> **What you need to do**:
Below are some records. Return exactly the lines from the one containing "1976 Chevrolet C20 Custom Deluxe" through the one containing "00A131814CAROE.JPG", both included, and only those.

::: Extracted records :::

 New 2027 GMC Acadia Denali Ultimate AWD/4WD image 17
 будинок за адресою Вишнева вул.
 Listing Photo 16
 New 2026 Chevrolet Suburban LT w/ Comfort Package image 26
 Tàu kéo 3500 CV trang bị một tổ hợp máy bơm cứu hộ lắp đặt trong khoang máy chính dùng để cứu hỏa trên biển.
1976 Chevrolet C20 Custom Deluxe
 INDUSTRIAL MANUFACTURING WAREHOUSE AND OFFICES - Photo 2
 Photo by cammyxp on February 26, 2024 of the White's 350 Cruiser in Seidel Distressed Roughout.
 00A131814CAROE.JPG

:::
::: Extracted records :::

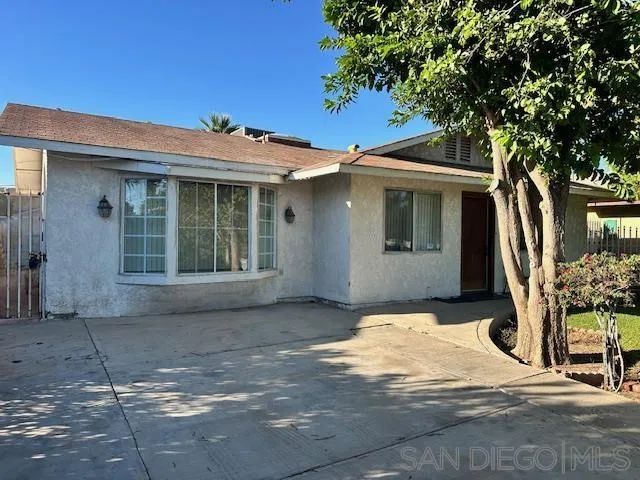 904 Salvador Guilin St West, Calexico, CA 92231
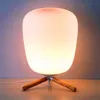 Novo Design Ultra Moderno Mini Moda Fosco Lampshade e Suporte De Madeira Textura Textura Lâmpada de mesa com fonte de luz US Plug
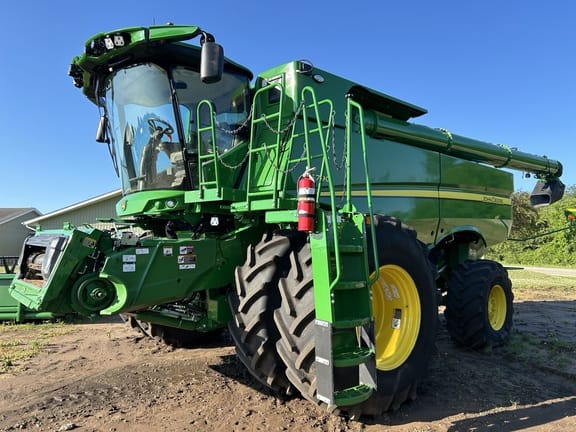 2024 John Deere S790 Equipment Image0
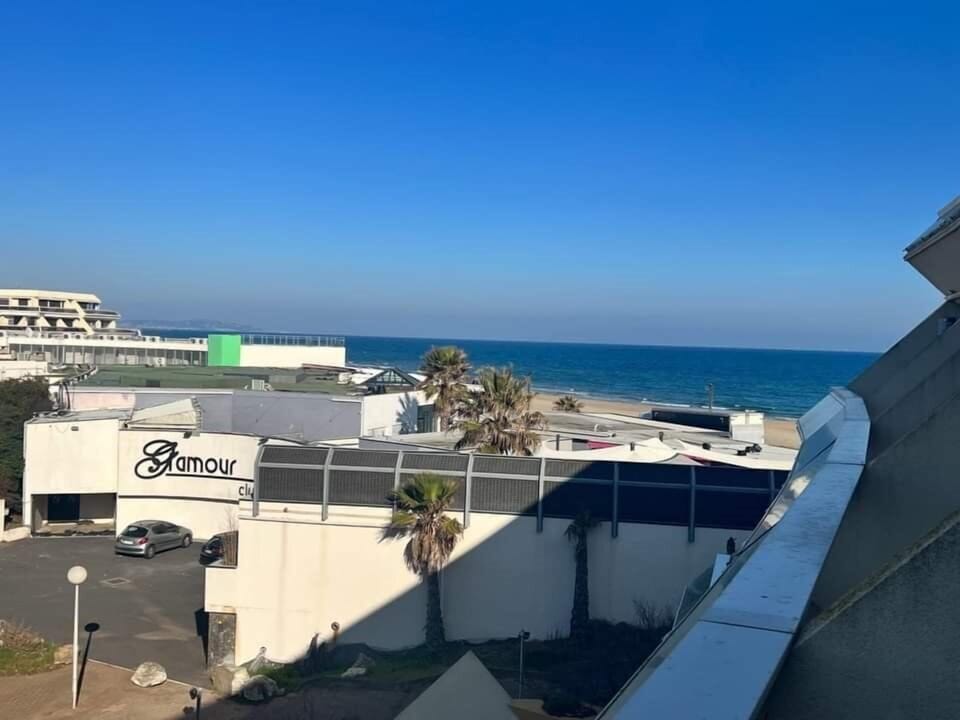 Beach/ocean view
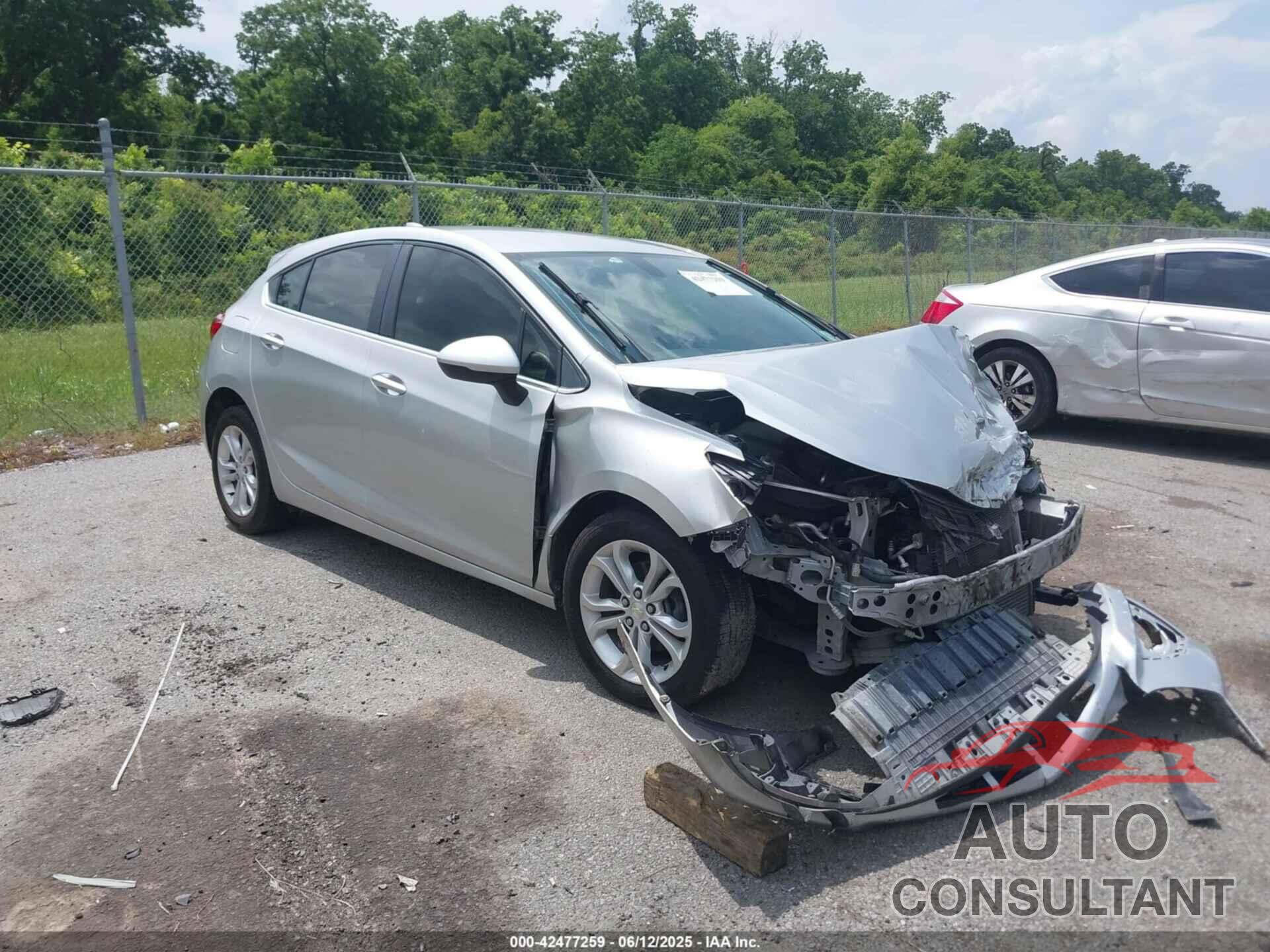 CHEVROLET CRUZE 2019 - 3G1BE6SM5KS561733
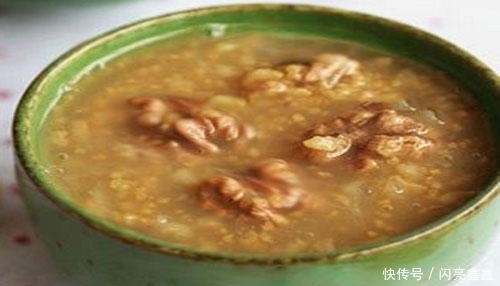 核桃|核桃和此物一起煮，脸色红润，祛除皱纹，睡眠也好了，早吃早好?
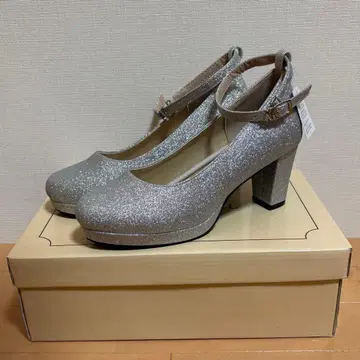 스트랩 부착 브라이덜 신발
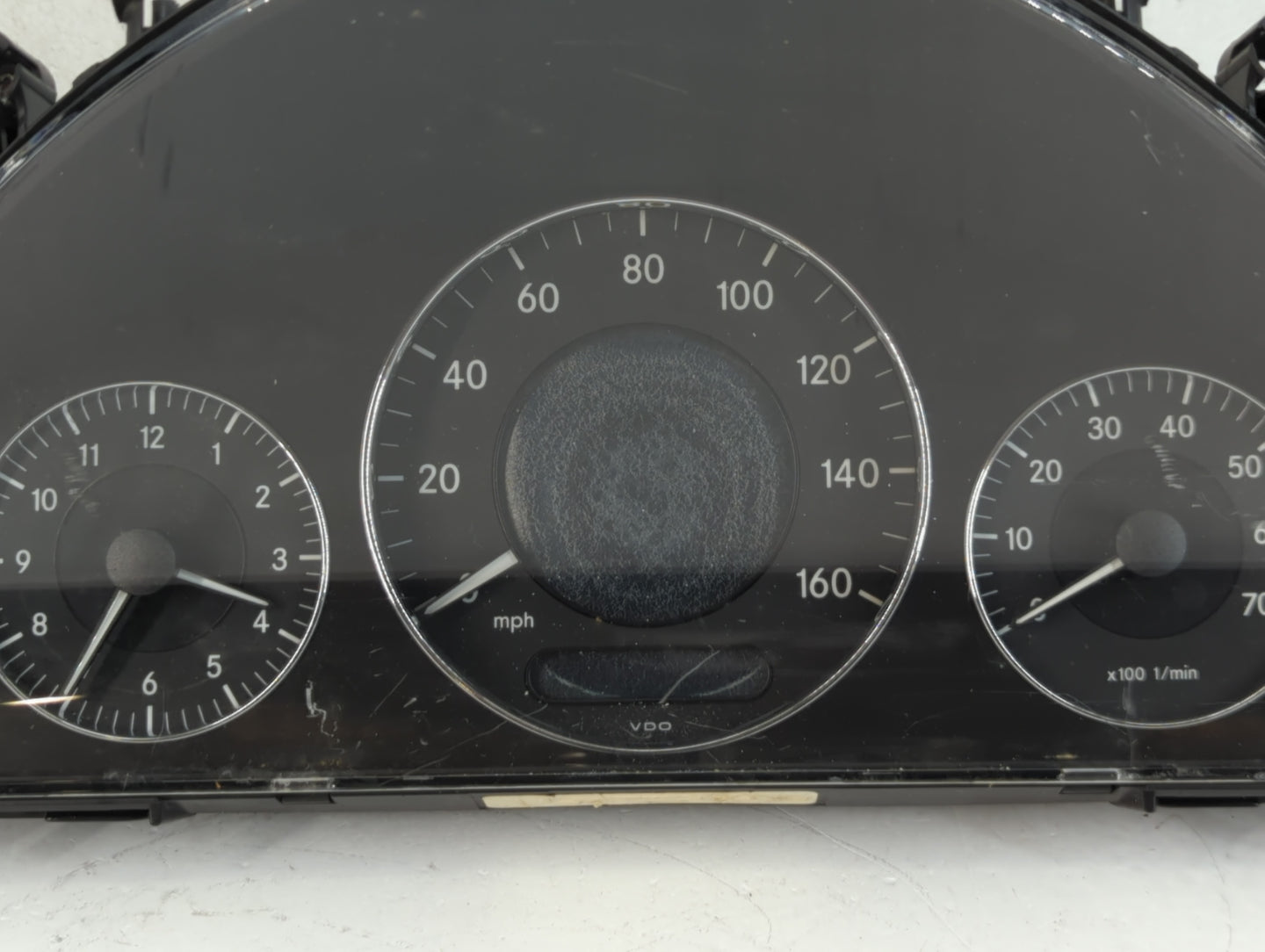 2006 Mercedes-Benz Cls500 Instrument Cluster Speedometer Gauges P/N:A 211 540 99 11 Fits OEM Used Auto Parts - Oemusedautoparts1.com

:::
::: Extracted records :::

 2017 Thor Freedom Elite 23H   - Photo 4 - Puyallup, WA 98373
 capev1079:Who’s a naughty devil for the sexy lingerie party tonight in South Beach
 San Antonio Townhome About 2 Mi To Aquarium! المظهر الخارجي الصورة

:::

> **Result of the exercise**:
1976 Chevrolet C20 Custom Deluxe
 INDUSTRIAL MANUFACTURING WAREHOUSE AND OFFICES - Photo 2
 Photo by cammyxp on February 26, 2024 of the White's 350 Cruiser in Seidel Distressed Roughout.
 00A131814CAROE.JPG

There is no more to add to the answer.